Plants can't run away from threats, so hormones coordinate their defense and survival strategies:

• ABA is the primary drought-response hormone. It closes stomata, promotes deeper root growth, and triggers accumulation of osmoprotectants like proline and sugars.
• Ethylene and jasmonates activate defenses against necrotrophic pathogens (those that kill cells to feed) and herbivores, inducing antimicrobial compounds and cell wall reinforcement.
• Salicylic acid drives systemic acquired resistance (SAR) against biotrophic pathogens (those that feed on living cells), upregulating pathogenesis-related (PR) proteins throughout the plant.
• Cytokinins and brassinosteroids help plants tolerate abiotic stresses like cold, heat, and salinity by boosting antioxidant systems.

Senescence and abscission

Senescence (programmed aging) and abscission (organ shedding) are tightly regulated by hormone balance:

• Ethylene and ABA promote senescence by inducing chlorophyll breakdown, protein degradation, and the expression of senescence-associated genes (SAGs). They also promote abscission zone formation.
• Auxins and cytokinins delay senescence by maintaining chlorophyll and photosynthetic activity and suppressing SAG expression.
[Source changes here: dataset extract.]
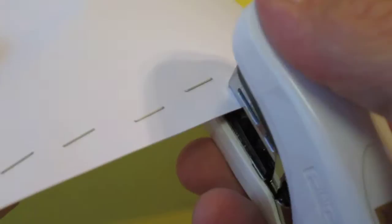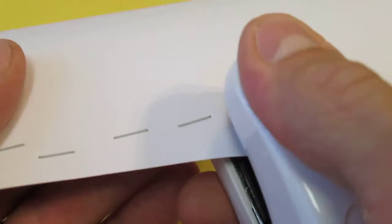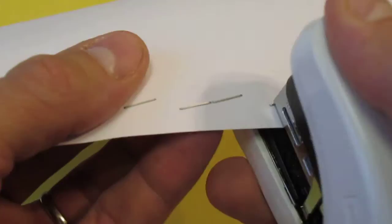It's stapling through 20 sheets of paper. The stapler is made with twin lever action which reduces your effort by 50%.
The tug-of-war between these opposing signals determines when a leaf yellows and falls.

Fruit ripening and seed germination

These two processes are critical for plant reproduction and dispersal:

• Fruit ripening: In climacteric fruits (tomatoes, bananas, apples), ethylene triggers the cascade of changes in color, texture, flavor, and aroma. Non-climacteric fruits (grapes, strawberries) rely less on ethylene.
• Seed germination: Gibberellins break dormancy and activate enzymes that mobilize stored nutrients. ABA opposes this process, keeping seeds dormant until conditions are favorable. The GA-to-ABA ratio is what tips the balance toward germination or continued dormancy.